Siemoniak ocenił podczas czwartkowej konferencji prasowej w Sejmie, że od kilku dni "mamy do czynienia z festiwalem niedorzeczności wygłaszanych przez Antoniego Macierewicza". - Było o akcie terroru, było o demokracji w USA, było o broni elektromagnetycznej, a wczoraj na komisji obrony mieliśmy do czynienia z kolejnym odcinkiem tych niedorzeczności - mówił.

Reklama

- Apelujemy o to, aby prezes PiS Jarosław Kaczyński, premier Beata Szydło, prezydent Andrzej Duda zakończyli ten festiwal niedorzeczności, który kompromituje Polskę, który wystawia nas na pośmiewisko na arenie międzynarodowej - mówił wiceszef Platformy.

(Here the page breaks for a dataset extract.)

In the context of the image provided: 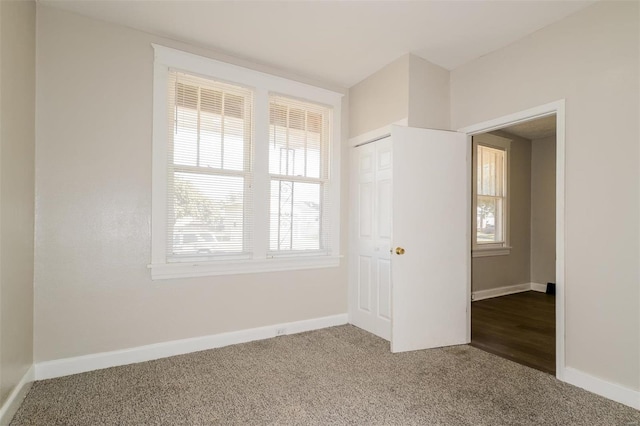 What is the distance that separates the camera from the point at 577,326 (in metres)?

W ocenie Siemoniaka szef MON cieszy się w polskiej polityce "specjalnym statusem". - Słowa, które wypowiada nie są traktowane poważnie i tak jest od lat. Niemniej jednak, jeśli minister obrony narodowej w majestacie autorytetu rządu opowiada takie niedorzeczności, zmuszeni jesteśmy na to zareagować - stwierdził. - Polska polityka nie może być zakładnikiem obsesji jednego człowieka - dodał.

Reklama

Zdaniem Siemoniaka rewelacje, które szef MON przedstawił podczas środowych obrad sejmowej komisji obrony narodowej "należy wsadzić między bajki, tak jak kolejne kilkanaście teorii (o katastrofie smoleńskiej - przypis PAP), które przez ostatnie lata wygłaszał".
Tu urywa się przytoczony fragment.